Q-Peak has been involved in solid-state lasers since 1985 during the time when the pumping mechanism for solid-state lasers transitioned from flash-lamps to diode lasers. Lasers based on flash-lamp pumped Neodymium-, Erbium-, Thulium-, and Holmium-doped laser materials (the Laser 1-2-3) was Q-Peak’s first product. Another early product line was based on Titanium-doped sapphire and included a cw, tunable, single-frequency laser (the Titan cw); a tunable, pulsed, Ti-sapphire laser (the Titan P); and a mode-locked Ti-sapphire laser (the Titan ML).

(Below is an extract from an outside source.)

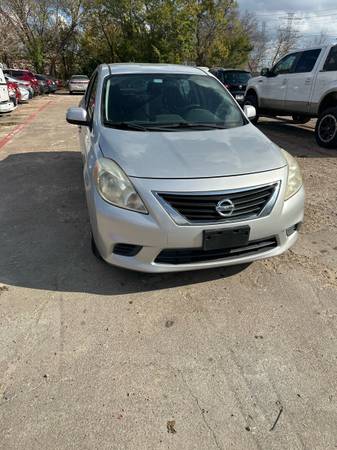 2013 Nissan versa 1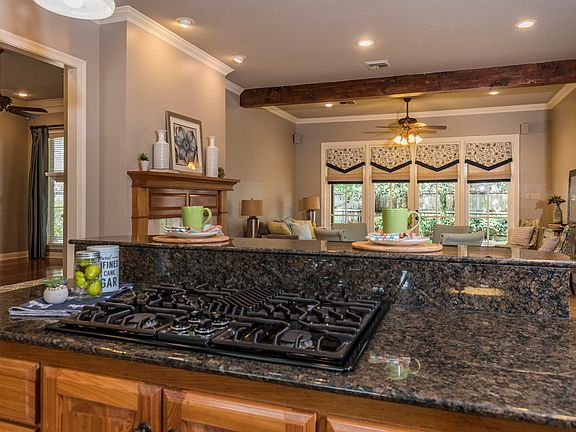 5th image of 203 Troon Dr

Q-Peak is fully versed in a large range of solid-state laser media. This includes a number of rare earth ions and transition metals in a variety of laser host media. Q-Peak has particular experience with laser host media based upon Yttrium Lithium Fluoride (YLF) as higher efficiency is typically achieved with YLF versus YAG due to longer upper state lifetimes in YLF. Not included in the list below is our experience with solid-state laser media specifically in the area of ultra-fast lasers which can be found here. Link to Ultrafast Lasers
|Laser Ion||Host Media|
|Neodymium||YAG (1064 nm); YVO4 (1064 nm); YLF (1047 & 1053 nm)|
|Erbium||YLF (2810 nm); YAG (2937 nm); GGG (2821 nm); YSGG (2797 nm)|
|Thulium||YLF (1900 nm); YAG (2010 nm); YALO (1940 nm)|
|Holmium||YLF (2050 nm)|
|Ytterbium||YAG (1030 nm); S-FAP (1047 nm)|
|Chromium||YAG (1332 -1554)|
|Titanium||Al2O3 (650 – 1000 nm)|
Throughout Q-Peak’s 30-year history, we have constructed virtually every type of laser that has been developed including cw, long-pulse, and Q-switched operation. Pulsed, single-frequency lasers, tunable lasers, microchip lasers, and injection-seeded lasers are among the many types of lasers we have constructed. One of our core technologies involves multi-passing of laser media in a slab geometry that has yielded optical-to-optical efficiencies as high as 30% in a side-pumped geometry. Construction of master-oscillator/power amplifiers is one of our strengths. We also have experience with cryogenic operation of laser media such as Yb:YAG. Conversion of solid-state laser wavelengths to the UV or IR is a common requirement and is described in detail here. Link to Nonlinear Optics
While many applications for solid-state lasers have been replaced by fiber lasers, requirements of high pulse energy and low repetition rates are an area where solid-state promlasers have particular utility. Additionally, hybrid fiber laser/solid-state systems where low pulse energy amplification and waveform shaping is accomplished with a fiber-based front end and then amplified to high pulse energies with a solid-state amplifier is a marriage of the two technologies. Fiber laser pumping (with its high beam quality) also expands the usefulness and efficiency of solid-state lasers by allowing novel end-pumped geometries.